Why online education is failing
Every school or university has a library. Some universities have dozens of libraries. Everyone recognises, though, that simply having access to information stored in a library is not enough to give someone a good education. Teachers in schools and universities guide, curate and inspire students to find the right information and to present it back in a coherent fashion. Teaching a way of thinking, rather than just studying facts, gives students the ability to learn for themselves and become adaptable and critical of new knowledge and ideas. With no guidance, the only way of studying books becomes to start at “A” and work your way through to “Z”.
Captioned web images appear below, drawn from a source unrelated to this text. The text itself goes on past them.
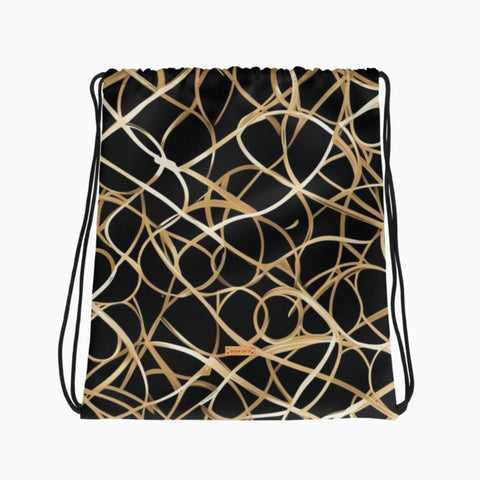 Turnbeutel mit schwarzen Hintergrund und feinen goldenen Linien, flach ausgelegt.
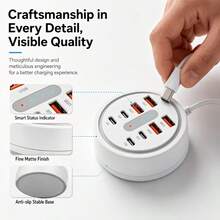 Upgraded 66W Round 8-Port USB Fast Charging Station - 4*Type-C PD + 4*USB-A, Compact Artistic Design, High-Speed Charging, Suitable For Laptops/Tablets/Multiple Devices, A Fast Charger Designed For Multiple Devices, Space-Saving Power Hub - View 6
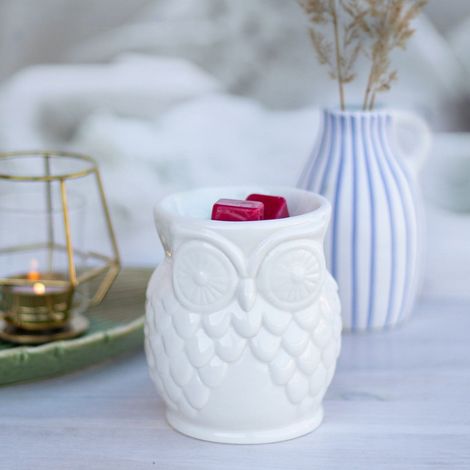 Lampe a parfum hibou pour bougie chauffe plat - decoration daromatherapie en ceramique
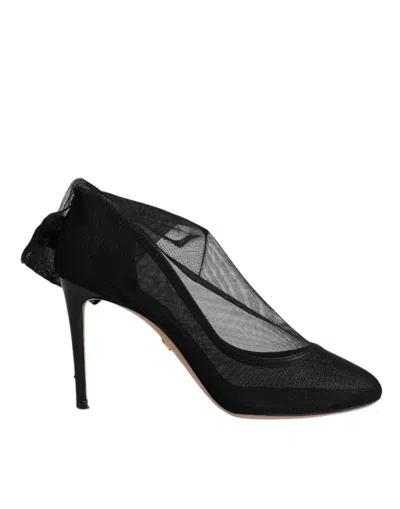 Pre-owned Dolce & Gabbana Black Nylon Mesh Sock Style Boots Women's Shoes ()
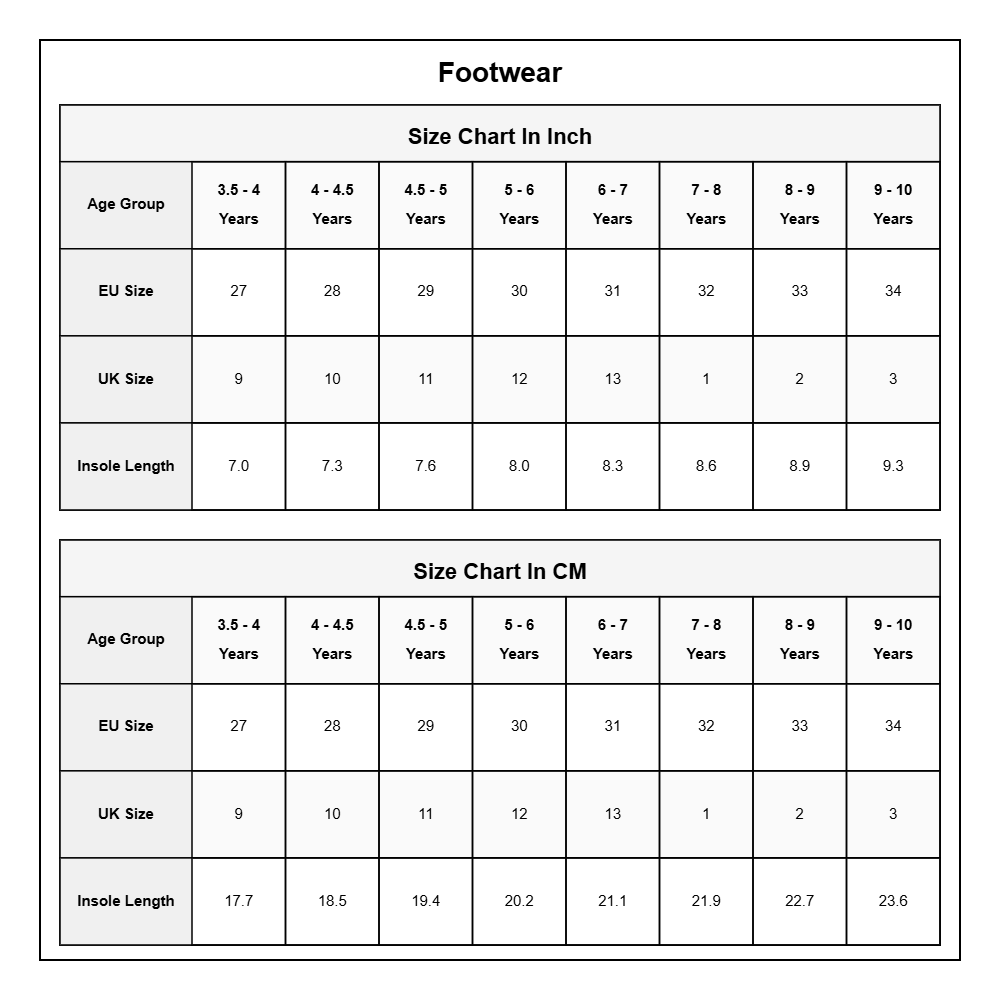 Product Size Chart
A university with no teachers
Technology gives anyone with an internet connection free access to information. The Web contains more content than any library, and more information than any single human being could ever know. Yet like a university with no teachers, there is no one to guide or curate this content. For people who want an education, there is a core component of knowledge missing from the web: how to learn. For those who know how to find relevant information online and utilise it, the web can play an important role in educating and improving their intellectual capital. But there is a key precondition: knowing where to look.
Open source teaching
To counteract this problem many universities are now opening up their courses to outside observers. What used to be restricted to a privileged few is now available for the masses. Want to learn about photography? Take a free course from Harvard. Need to brush up on Philosophy? Go to Edinburgh University’s website. Although these courses are free, they ironically ignore what is best about the web: that a lot of the content and information is out there already. Rather than recreating much of the content that has been developed already, a teacher might just select the best resources relevant for the student. Teaching a way of thinking is not teaching the facts.
A new model
What does a teacher fundamentally do? They help you achieve goals; developing your way of thinking and challenging you. Content alone can’t do this, yet technology might be able to. Developing responsive and personalised challenges and tasks could help a student to reach their goals in a scaled and open way. Importantly, the learning is goal focussed, allowing someone to apply their knowledge to a new job or opportunity. Though someone may not know what they need to learn, they will certainly know where they want to get to in life. In this way curation on the web could help them get there; turning the content on the web to good use and democratising the knowledge for people who don't know where to start.